汚れちまった悲しみに
今日も小雪の降りかかる
汚れちまった悲しみに
今日も風さえ吹きすぎる
汚れちまった悲しみに
たとえば狐の皮衣
汚れちまった悲しみは
小雪のかかってちぢこまる
汚れちまった悲しみは
なにのぞむなくねがうなく
汚れちまった悲しみは
倦怠のうちに死を夢む
汚れちまった悲しみに
いたいたしくも怖気づき
汚れちまった悲しみに
なすところもなく日は暮れる
詩人、歌人として知られる中原中也(1907-1937)の詩集【山羊の歌】にある詩の一つです。
名前が書ければ知○遅れ以外は誰でも入学出来た工業系のボンクラ高校(←私立、男子校、同年代なら名前を聞いただけで「ああ~…(笑)」──というリアクションが返ってくるほどの底辺校www)が最終学歴であるオイラ。
中学同様に高校時代もロクに勉強もしなかった落ちこぼれでしたが、当時熱心に読んでいた愛読書がこの中原中也の【山羊の歌】という詩集で、その中でオイラが中原中也という詩人を知るキッカケとなった詩がこれです。

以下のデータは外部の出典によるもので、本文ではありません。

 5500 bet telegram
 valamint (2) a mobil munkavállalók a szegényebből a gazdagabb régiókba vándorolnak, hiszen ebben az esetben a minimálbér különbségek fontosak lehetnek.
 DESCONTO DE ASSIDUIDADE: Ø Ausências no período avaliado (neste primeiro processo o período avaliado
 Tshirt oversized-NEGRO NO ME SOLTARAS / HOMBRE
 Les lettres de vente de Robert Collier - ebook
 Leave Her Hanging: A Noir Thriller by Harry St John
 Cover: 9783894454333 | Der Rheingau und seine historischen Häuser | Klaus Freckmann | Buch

授業をフケて昼寝するため忍び込んだ学校の図書室でたまたま机に投げられていた中原中也の【山羊の歌】の詩集が目に付き、何気なく読んだの最初だった。
詩の内容は暗いんですが、当時のオイラの置かれたか境遇や心境がこの詩と重なり、若くして夭折した中原中也の30代とは思えないこの老成した詩は心に響くものがありました。
元々オイラは文学だなんていう高尚なものはサッパリな体育会系だし、語れるほどの知識も皆無だけれど、中原中也の詩に関しては今でもいくつかの詩はそらで言えるくらい中原中也の詩が好きです。